Like waiting for a thought to arise. Just sit for a few moments and become aware of your thoughts. Now wait for the next thought to arise. It may be just a few seconds or much longer, but that time before the thought arises is meditative.
Meditation is not:
Focus. By focus we mean bringing the mind onto a single object. Focus, or one-pointedness is a useful tool to help us to develop our meditation ability. By learning to focus on one thing we can stop many external thoughts arising and then we can let go of the point of focus.
Concentration. Concentration is keeping the mind focussed on an object for a period of time. Again it is a useful tool to aid the development of meditation but it isn’t meditation itself. In meditation the mind is relaxed so there is no effort with the mind. In concentration there is often an effort to try to keep going. Try to relax the mind.
Contemplation. Try not to use your meditation time to go through thoughts, issues and problems to get the mind organised or understand what to do. This can be very useful but it is not meditation. Try to separate time for contemplation and time for meditation. In particular do not use the time for dwelling on negative issues, churning them over and over and deepening the anger, frustration etc.

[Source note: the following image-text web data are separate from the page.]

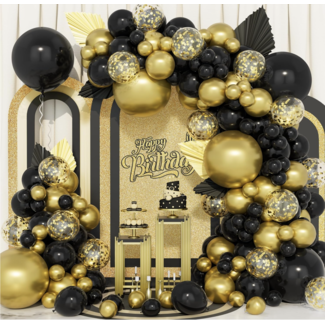 Ballonboog gold shimmer - zwart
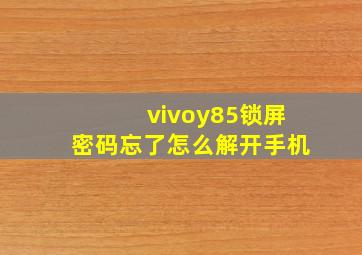 vivoy85锁屏密码忘了怎么解开手机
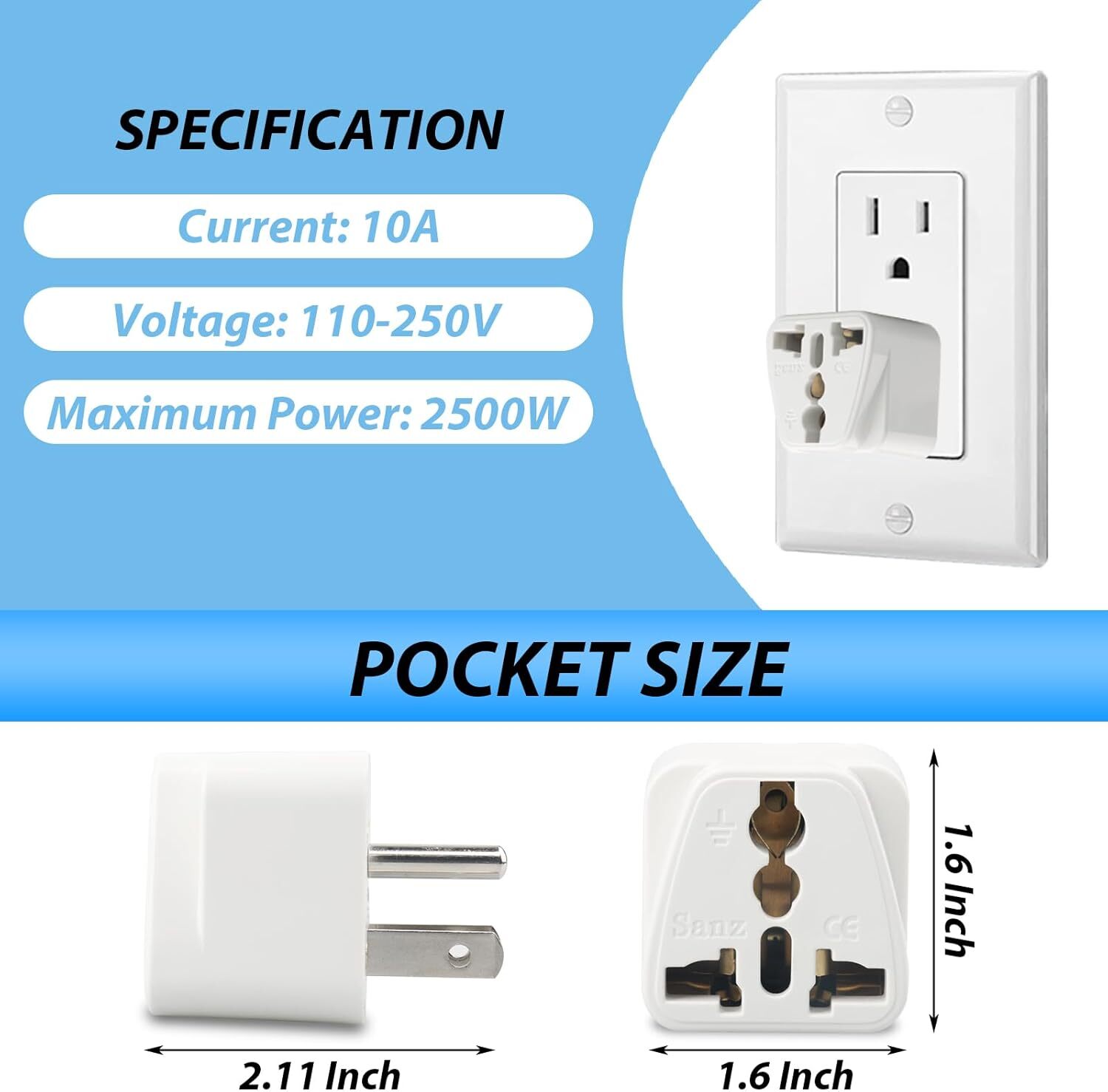 1-500 Pcs European EU To US American Adapter Plug Converter Euro Asia to USA Lot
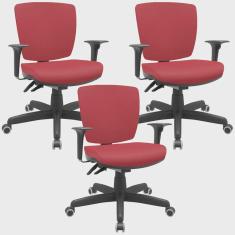 Imagem de Kit 3 Cadeiras de Escritório Executiva Office Giratória Preto Baixa Flexi P03 Vinil Vermelho - Lyam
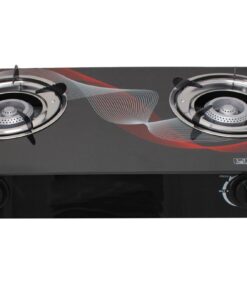 Dual Stand Auto-Ignition Tempered Glass & Grey Burner Gas Stove - Red Swirl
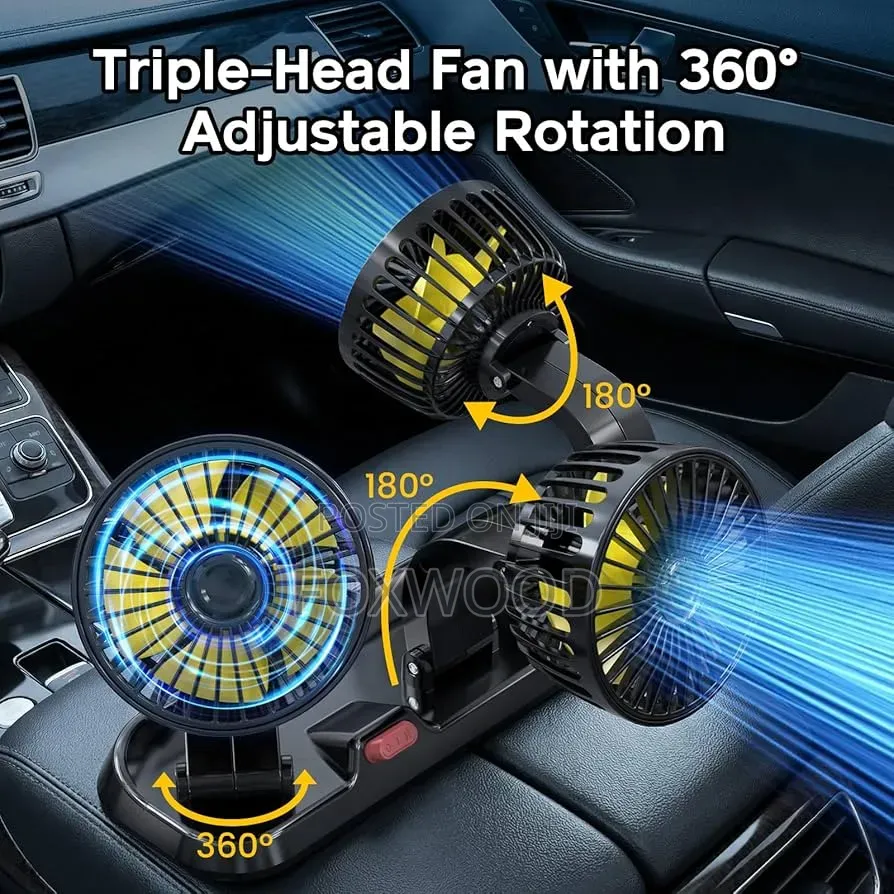 *3 Head Car Cooling Fan 24v Cooling Fan, 360° Rotating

Sleeping. Meditation is very relaxing and it is very easy to fall asleep while meditating. Do not worry about it. When we relax the body is able to replenish itself more easily and sometimes what the body needs most is sleep. Try not to fall asleep every time you meditate but don’t worry if you do. Meditating in an upright position in a dining chair is more conducive to staying awake than in an armchair. To assist in keeping awake do the meditation at a time when you are naturally alert or do some energy exercise first.